Undefined Behavior Annex

This section summarizes the scenarios where undefined behavior may occur in Tile C++ APIs. Please see the API reference for details on the specific behavior of any given operation.

  • Undefined behavior may occur due to signed integer overflow in arithmetic addition APIs. This allows the compiler to optimize signed integer operations by assuming the absence of integer overflow. See addition for details.

    Example

    No integer promotion occurs as part of the arithmetic tile conversions. As a result, the addition below is performed in the type signed char and overflow occurs triggering undefined behavior.

    namespace ct = ::cuda::tiles;
    signed char x = 127;
    signed char y = 1;
    auto z = ct::add(x, y); // UB
    
  • Undefined behavior may occur due to signed integer overflow in arithmetic subtraction APIs. This allows the compiler to optimize signed integer operations by assuming the absence of integer overflow. See subtraction for details.

    Example

    No integer promotion occurs as part of the arithmetic tile conversions. As a result, the subtraction below is performed in the type signed char and overflow occurs triggering undefined behavior.

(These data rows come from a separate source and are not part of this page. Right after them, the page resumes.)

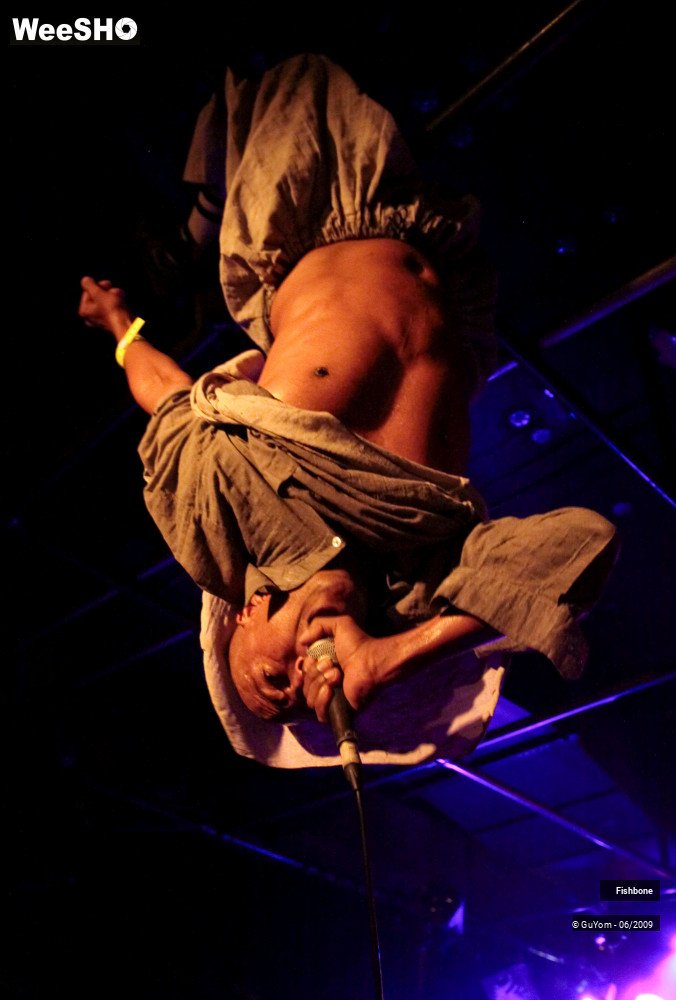 4/41 photos du spectacle Fishbone Ambiance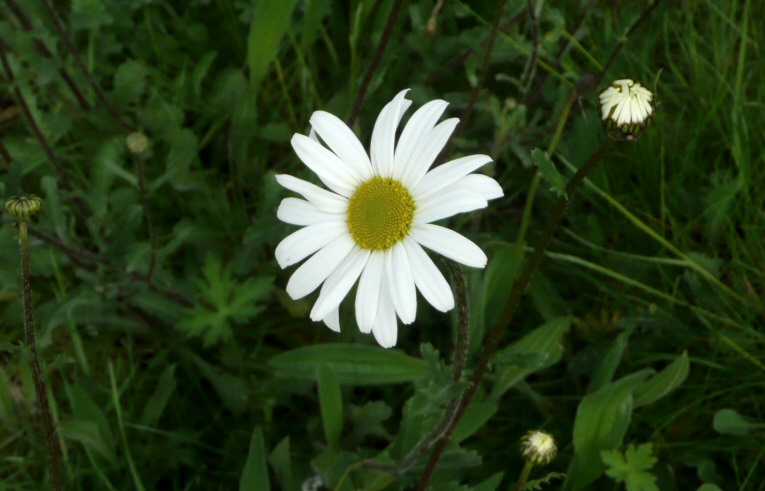 Ox-eye Daisy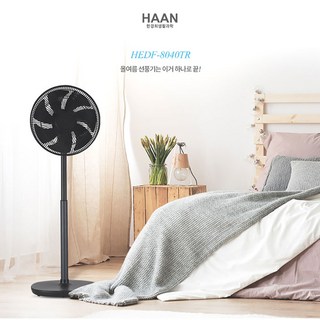 2. HAAN 인공지..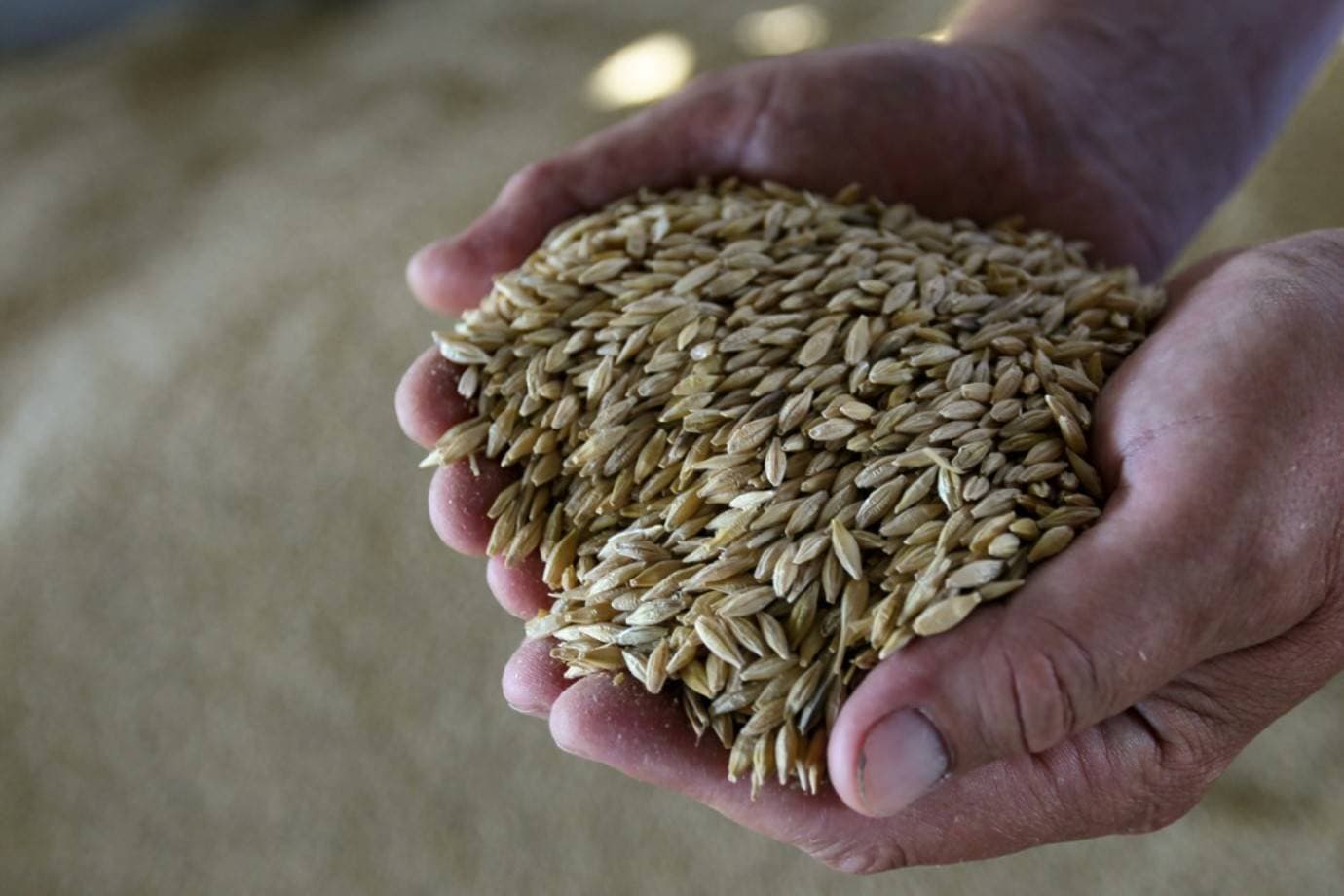Rússia avalia compra estatal de grãos após problemas nas exportações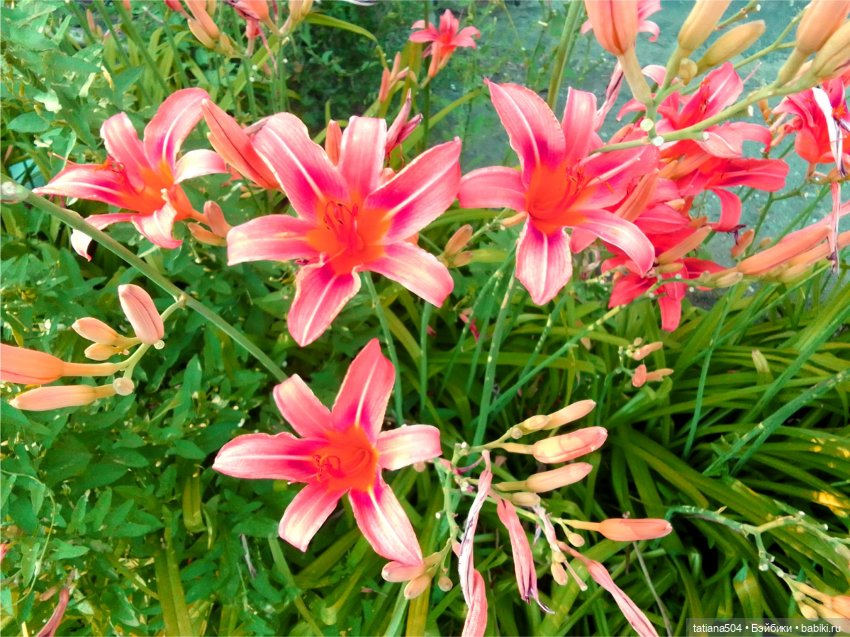 Пенни – цветочница — Винтажные куклы ГДР (Немки): Бигги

    namespace ct = ::cuda::tiles;
    signed char x = -128;
    signed char y = 1;
    auto z = ct::sub(x, y); // UB
    
  • Undefined behavior may occur due to signed integer overflow in arithmetic negation APIs. This allows the compiler to optimize signed integer operations by assuming the absence of integer overflow. See negation for details.

    Example

    No integer promotion occurs in the negation APIs. As a result, the negation below is performed in the type signed char and overflow occurs triggering undefined behavior.

    namespace ct = ::cuda::tiles;
    using i8 = ct::tile<signed char, ct::shape<>>;
    auto x = ct::full<i8>(-128);
    auto y = -x; // UB
    
  • Undefined behavior may occur due to signed integer overflow in multiplication APIs. This allows the compiler to optimize signed integer operations by assuming the absence of integer overflow. See multiplication for details.

    Example

    No integer promotion occurs as part of the arithmetic tile conversions. As a result, the multiplication below is performed in the type signed char and overflow occurs triggering undefined behavior.

    namespace ct = ::cuda::tiles;
    signed char x = -128;
    signed char y = -1;
    auto z = ct::mul(x, y); // UB
    
  • Undefined behavior may occur due to signed integer overflow in division, ceil division, floor division, and remainder APIs. This allows the compiler to optimize signed integer operations by assuming the absence of integer overflow. See division, ceiling division, floor division, and remainder for details.

    Example

    No integer promotion occurs as part of the arithmetic tile conversions. As a result, the division operations below are performed in the type signed char and overflow occurs triggering undefined behavior.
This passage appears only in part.